### Work to complete
In the records below, begin at the line containing "2015-2020 Mercedes-Benz C300" and end at the line containing "Коллекция Akris Ready-To-Wear"; quote every line in that span exactly, including both boundary lines, and no others.

### Entries provided
┏━━

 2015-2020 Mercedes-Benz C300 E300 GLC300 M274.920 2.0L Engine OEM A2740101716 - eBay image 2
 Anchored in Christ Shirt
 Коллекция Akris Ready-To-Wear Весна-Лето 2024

┗━━
┏━━

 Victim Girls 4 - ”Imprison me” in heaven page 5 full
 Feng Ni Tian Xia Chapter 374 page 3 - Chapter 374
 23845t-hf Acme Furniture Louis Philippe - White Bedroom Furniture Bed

┗━━

### Completed exercise
 2015-2020 Mercedes-Benz C300 E300 GLC300 M274.920 2.0L Engine OEM A2740101716 - eBay image 2
 Anchored in Christ Shirt
 Коллекция Akris Ready-To-Wear Весна-Лето 2024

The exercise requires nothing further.